En réponse à de multiples plaintes d’un professeur retraité du Humber College concernant le langage extrêmement tendancieux utilisé par le radiodiffuseur public canadien pour décrire la guerre d’Israël contre Gaza, Waugh a reconnu que la CBC utilisait régulièrement des mots tels que «meurtrier», «vicieux», «brutal», «massacre» et «tuerie» pour parler de l’attaque du Hamas du 7 octobre, alors qu’elle utilisait des mots beaucoup moins chargés d’émotion tels que «intensif», «implacable» et «punitif» pour décrire les actions d’Israël dans la bande de Gaza au cours des trois derniers mois.
Waugh a défendu cette divergence extrême en affirmant que les attaques d’Israël à Gaza diffèrent des attaques du Hamas contre les Israéliens en ce sens que les meurtres commis par Israël le sont «à distance».
«Des mots différents sont utilisés car, bien qu’ils entraînent tous deux des morts et des blessés, les événements qu’ils décrivent sont très différents», a écrit Waugh. «Le raid a vu des hommes armés du Hamas franchir la barrière frontalière et attaquer directement les Israéliens avec des armes à feu, des couteaux et des explosifs. Les hommes armés ont poursuivi des festivaliers, attaqué des kibboutzniks et leur ont tiré dessus, se sont battus au corps à corps et ont lancé des grenades.

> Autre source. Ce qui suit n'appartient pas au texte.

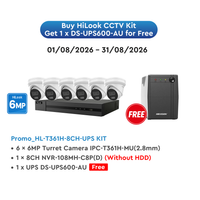 HILOOK 6MP CCTV KIT WITH UPS600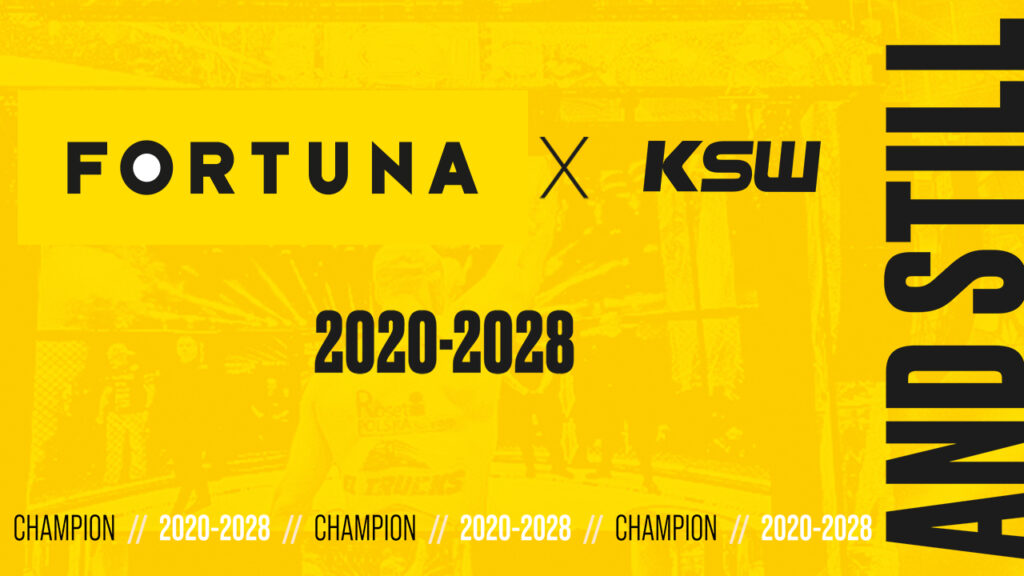 Fortuna i KSW przedłużają współpracę na kolejne trzy lata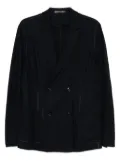 Giorgio Armani double-breasted cashmere blazer - Blue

L’attaque a été brutale, souvent sauvage et certainement meurtrière».
«Les bombes larguées à des milliers de mètres et les obus d’artillerie lancés sur Gaza à des kilomètres de distance provoquent la mort et la destruction à grande échelle, mais ils sont exécutés à distance», poursuit Waugh. «Les résultats meurtriers sont invisibles pour ceux qui les ont provoqués et la source est invisible pour ceux qui souffrent et meurent».
J’ai écrit un certain nombre d’essais sur la façon irrationnelle et sans fondement dont les Occidentaux considèrent les explosifs militaires comme un moyen bien plus civilisé et humain de tuer des êtres humains que les balles ou les lames, mais je n’ai jamais rien écrit qui le résume aussi clairement que cet aveu franc du responsable principal des normes journalistiques de la Canadian Broadcasting Corporation.

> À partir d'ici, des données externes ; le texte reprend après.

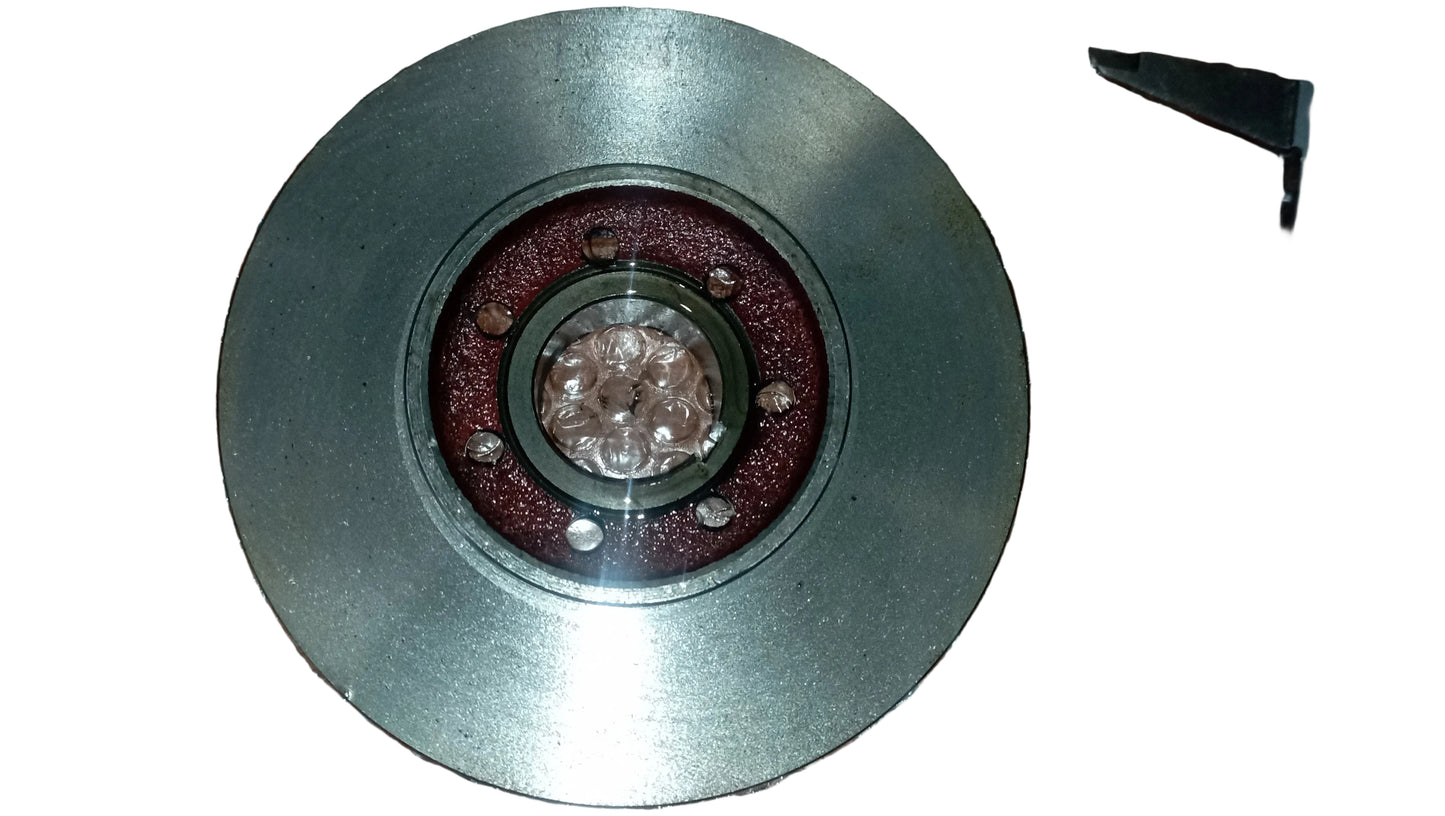 Girante in ghisa e acciaio per pompa acqua motori MWM, DEUTZ 2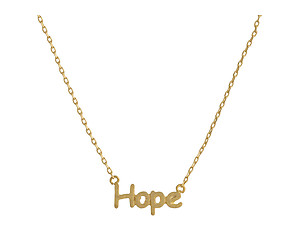 Dainty Metal Hope Pendant Necklace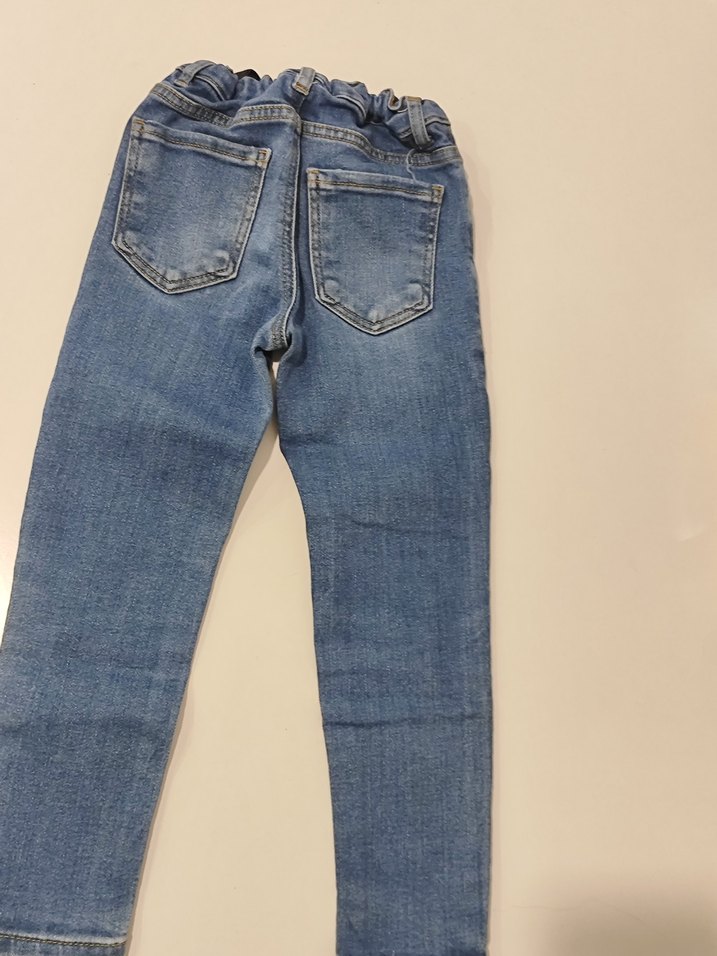 Kemerli Erkek Çocuk Kot Pantolon - Görsel 4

Les explosifs militaires déchiquettent les corps humains. Ils brûlent les gens vivants. Ils les emprisonnent sous les décombres où ils meurent avec une lenteur atroce, de l’une des manières les plus horribles que l’on puisse imaginer. Ils laissent les gens sans membres. Ils démembrent et défigurent les enfants à vie. Nombre des morts les plus atroces de l’histoire de l’humanité ont été causées par des bombes.
Des milliers d’habitants de Gaza n’ont pas encore été comptés parmi les morts parce que leurs corps sont encore ensevelis sous les décombres des bâtiments détruits. Nombre d’entre eux ne seraient pas morts sur le coup. Certains sont encore en vie, attendant depuis des jours, dans un état de terreur et de douleur intense, des secours qui ne viendront jamais.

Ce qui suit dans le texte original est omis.